ABSTRACT: An acoustic emission (AE) technique has been applied as a diagnostic method for grouted rock anchors subjected to uplift loads, in order to characterize their major failure mechanisms. The laboratory tests with limestone consisted of three AE generating mechanisms that included debonding, crack propagation and non-elastic deformation. Signals resulted from extraction of model bars grouted in limestone NX core samples were employed to classify AE time histories. These observations were then extended to bar extraction from 300 x 300 x 100 mm blocks of the same rock. Debonding dominated behaviour and there was an almost complete lack of crack propagation.

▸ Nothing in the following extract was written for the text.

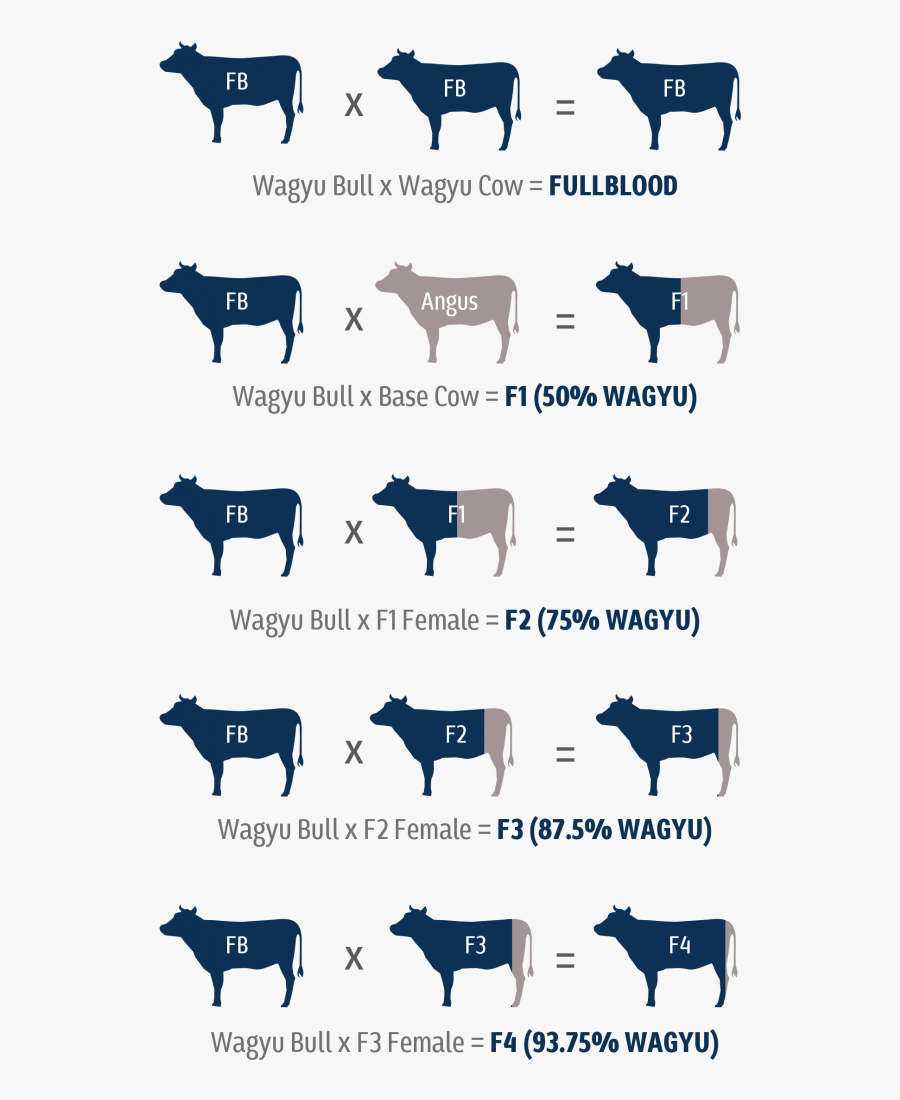 Graphic-10 - Full Blood Wagyu, Transparent Clipart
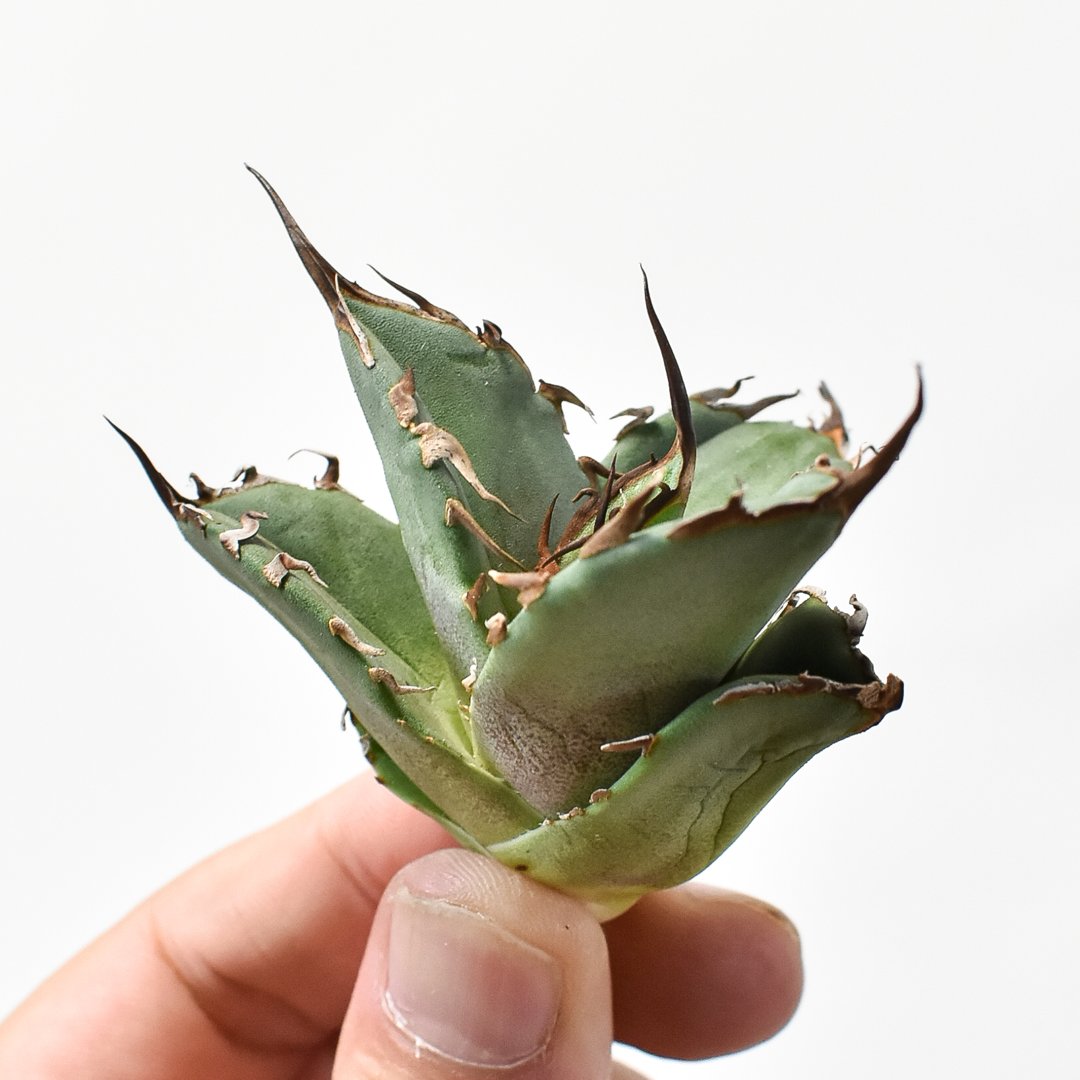 アガベ チタノタ DENNIS020【台湾 dragon agave産/抜き苗/子株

1 INTRODUCTION Grouted and expoxied rock anchors, generally subjected to tensile loads, are increasingly used as structural elements to ensure stability of rock masses. Moreover, current construction techniques and the development of new products (high-performance grouts and expoxys, high-strength tendons, enhanced injection techniques and drilling equipment) continually expand the maximum strength limits for grouted rock anchors. Accordingly, grouted rock anchors with an ultimate load capacity of more than 12.5 MN have been used to increase the height of dams (Natau and Wullschäger). Design of grouted rock anchors is assumed to be well-known (Littlejohn and Bruce, 1975a, b; Ballivy et Martin, 1984; Benmokrane, 1990). For instance, the bonding stresses are considered distributed exponentially for anchors grouted in hard rocks (Hollingshead, 1971; Farmer, 1975; Benmokrane, 1990) while the distribution is considered uniform in the case fo soft ones (Coates and Yu, 1971; Hobst and Jajic, 1983). To date, three approaches have been used to increase the design loads for grouted anchors: 1) analytical models; 2) finite element models and 3) instrumentation (strain gauges). Analytical and finite element models appeared to be very useful in determining ideal grouted anchor behaviour (Coates and Yu, 1970; Hollingshead, 1971; Yap and Rodger, 1984; Benmokrane, 1990). Unfortunately, in real applications, however, grouts and rocks are characterized by many structural defects that can lead to premature failure are unaccounted for in typical finite element analyses. Until now, grouted rock anchors could be tested only by destructive tests using hydraulic jacks. Usually, these tests show four elementary failure modes: a.bond failure (debonding) at the rock/grout interface; b.bond failure at the tendon/grout interface; c. failure of the rock mass; and.d. failure of the steel tendon. Their "in situ" applications, however, have not gained popularity among civil and mining engineers. Using an acoustic emission technique, Kobayashi et al., (1980) established a correlation between acoustic activity and breakdown of the bond between reinforcing bars and concrete. They concluded that acoustic emission can help in understanding and identifying major failure modes.
2 METHOD OF INVESTIGATION For most materials, it is generally accepted (Dunegan and Green, 1972; Rotem, 1986) that an acoustic source generates a specific signal in the time domain. While each time history can be characterized by five features (amplitude, number of counts, energy, duration, and rise time (Fig. I)). Different failure mechanism will produce different wave forms which in turn will produce different time histories.